Data Types - Strings

Hello friends, Welcome to our website. Today we will talk about  Strings which is a Sub part of Data Types

To Understand this New Topic You need to read our last post which is related to this topic which is given below :-


String

You already know about strings (as data) in Python. In this section, we shall be talking about Python's data type string. A string data type lets you hold string data, i.e., any number of valid characters into a set of quotation marks. 
In Python 3.x, each character stored in a string is a unicode character. Or in other words, all strings in Python 3.x are sequences of pure Unicode Character. Unicode is a system deigned to represent every character from every language. A string can hold any type of known characters i.e., letters, numbers, special characters, of any known scripted language. 
Following are all legal strings in Python :-
"abcd" , "1234" , '$%^&' , "ŠÆËá" , "??????" , '?????' , "????" , '???' , "??" 

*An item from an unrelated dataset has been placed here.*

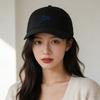 Cat Embroidered Baseball Cap With Wide Brim For Casual Spring Summer Wear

String a a sequence of characters

A Python string is a sequence of characters and each character can be individually accessed using its Index. Let us understand this.
Let us first study the internal structure or composition of Python strings as it will form the basis of all the learning of various string manipulation concepts. Strings in Python are stored as individual characters in contiguous location, with two way index for each location. 
The individual elements of a string are the characters contained in it (stored in contiguous memory location) and as mentioned the characters of a string are given two way index for each location. 
Let us understand this with the help of an illustration as given in figure below :-


From Figure above you can infer that :
  1. Strings in Python are stored by storing each character separately in contiguous locations. 
  2. The characters of the strings are given two way indices :    
  • 0, 1, 2, ...... in the forward direction and
  • -1, -2, -3, .......in the backward direction.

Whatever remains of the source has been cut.